Page 115 of A Heart of Bluestone

It’s probably a trap.

And Serena doesn’t deserve my time. My company.

But she isn’t wrong when she says I need a drink. More than that, I need to forget. Forget all the ugliness that sours my mood for weeks on end, that rots my insides.

I want more than a drink.

I want… an escape.

And so, with a weighted sigh that deflates my shoulders, and nothing more than defeat in my eyes, I push off the bed.

And I do as she says.

I wash my face first.

Then, when I’m back in the dorm room, I dress in the clothes she tossed at me. I pull on suede boots that will ruin if the snow is sludgy down by the cabin. I gloss my face in the lightest touch of makeup, then paint my lips mauve to match the top.

Finally, I follow Serena out the door.

I make it to the steps that descend from the atrium into the school grounds, and I make it in one piece. The risk of it has my insides writhing, a pool of worms slicking and slapping around.

My hands are clammy, and I have that ill fever-like sensation all over my body, too hot and too cold at once, like my nerves battle the winter air beyond the academy doors.

Serena notices.

She pauses on the steps and hands me a silver, glittering flask.

I unscrew the lid, but before I do anything as silly as take a drink from her, I lift it to my nose and sniff.

Satisfied, I pour the clear vodka into my mouth, chin lifted, and welcome the sear down my gulping throat.

I hand it back.

Before she tucks the flask away, she downs a hefty amount herself.

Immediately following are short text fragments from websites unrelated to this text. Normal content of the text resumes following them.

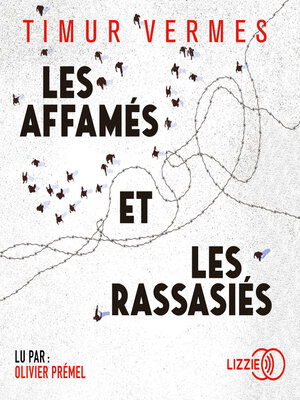 cover image of Les affamés et les rassasiés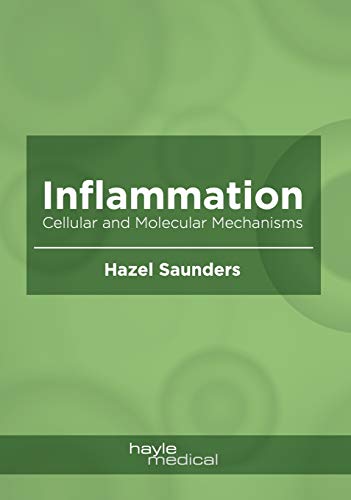 Inflammation Cellular and Molecular Mechanisms [Hardcover]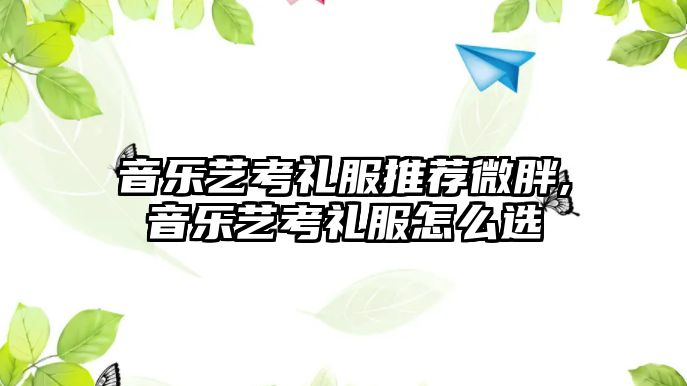 音樂藝考禮服推薦微胖,音樂藝考禮服怎么選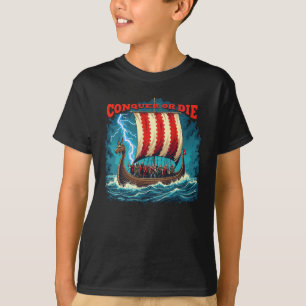 Das Wikinger-Schiff Nordischer Krieger Erobern ode T-Shirt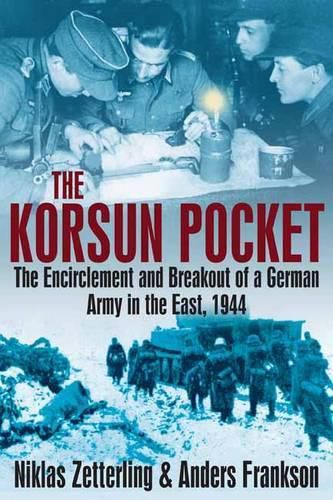 Cover image for The Korsun Pocket: The Encirclement and Breakout of a German Army in the East, 1944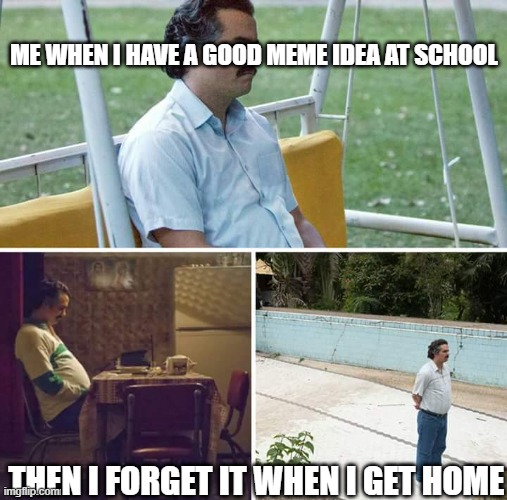 This happened to me today. I have never been madder. | ME WHEN I HAVE A GOOD MEME IDEA AT SCHOOL; THEN I FORGET IT WHEN I GET HOME | image tagged in memes,sad pablo escobar,mad | made w/ Imgflip meme maker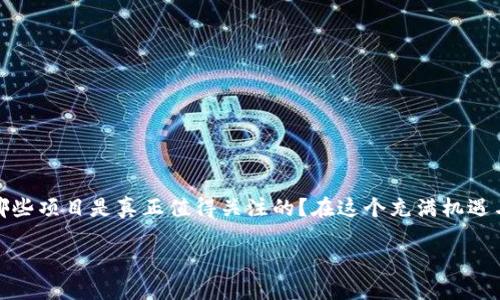 区块链数字金融的迅猛发展正在改变我们对传统金融的认知，但哪些项目是真正值得关注的？在这个充满机遇与挑战的领域里，我们该如何选择合适的投资方向？想知道答案吗？

哪些区块链数字金融项目值得投资？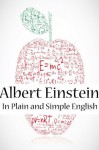 Albert Einstein In Plain and Simple English - BookCaps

I lean onto my right boot, my weight shifting with me as I peer down the trail that splinters off to the ruins. Snow has powdered over the rubble, a thick coating of white dust, and now the ruins of an old castle make some sort of snowy maze behind the cabin, mostly weeds and debris.

Serena secures the flask into the sleeve of her high boots. Flashing me a grin, she jumps off the stairs.

“Come on,” she calls and starts down the trail.

I shouldn’t.

But I do.

I shadow her down the trail for the full ten minutes it takes to pass the shrubbier trees and reach the clearing.

There are more half-breeds here than elites or even made ones. That, I can tell by all the games I don’t recognise and the krum fashions.

Made ones are sent so young to the Home for the Misplaced that their cultural connection to the krum world is limited.

This is a half-breed party with krum-world sparklers and kegs. I don’t have the faintest idea how anyone smuggled a keg onto school grounds.

My steps are slowed by the uncertainty biting at my heels. I shouldn’t be here. I don’t belong.

Then, before I can turn around or even come to a firm decision—

“Olivia?” A voice snakes out from the crumbled cabin.